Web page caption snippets
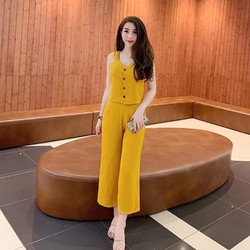 Set bộ thời trang mặc nhà ống rộng lửng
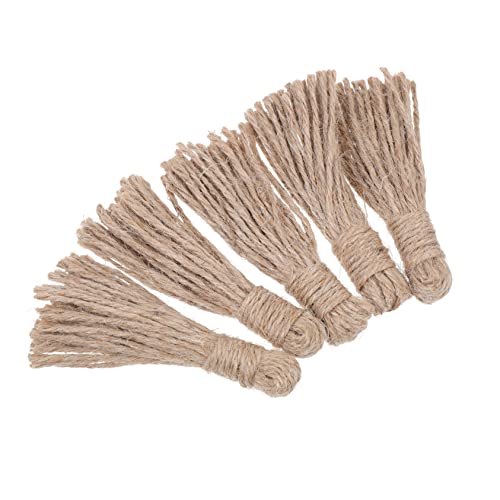 FONDOTIN 5Stücke Teiliges DIY Holzperlen mit Hanfseil Quasten Handgemachte Dekoration für Bastelprojekte für Schmuckherstellung und Anhänger von FONDOTIN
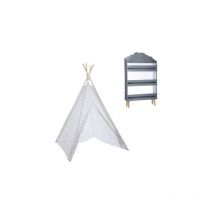Tipi Gris Enfant + Bibliothèque Nuage Gris Atmosphera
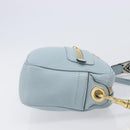 Miu Miu Madras Shoulder Bag Leather Light Blue Gold Auth BA15779-3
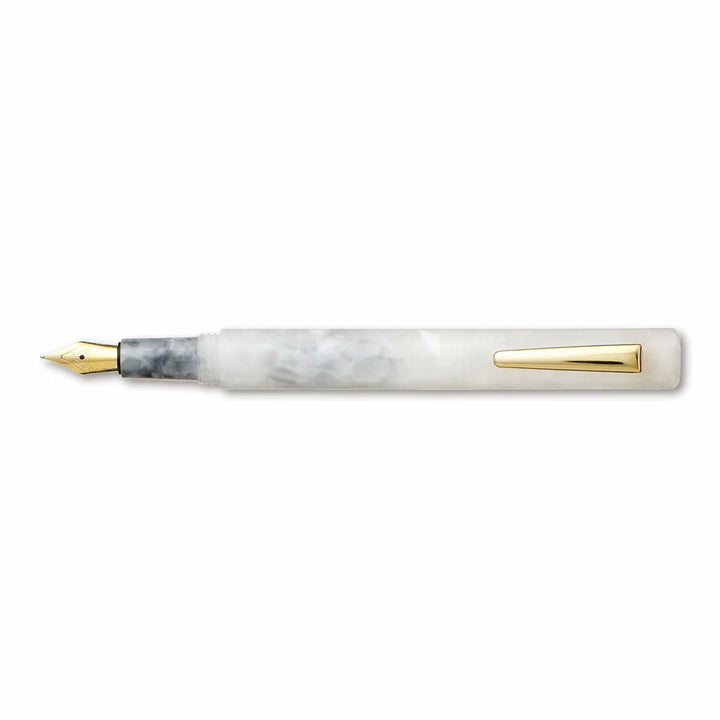 Hightide Attaché Marbled Fountain Pen - White — nib close-up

● The task
In the records above, find the line containing "Tipi Gris Enfant", then please restate it and each line after it word for word, pictures excluded.

● Exercise output
Tipi Gris Enfant + Bibliothèque Nuage Gris Atmosphera
 Miu Miu Madras Shoulder Bag Leather Light Blue Gold Auth BA15779-3
 Hightide Attaché Marbled Fountain Pen - White — nib close-up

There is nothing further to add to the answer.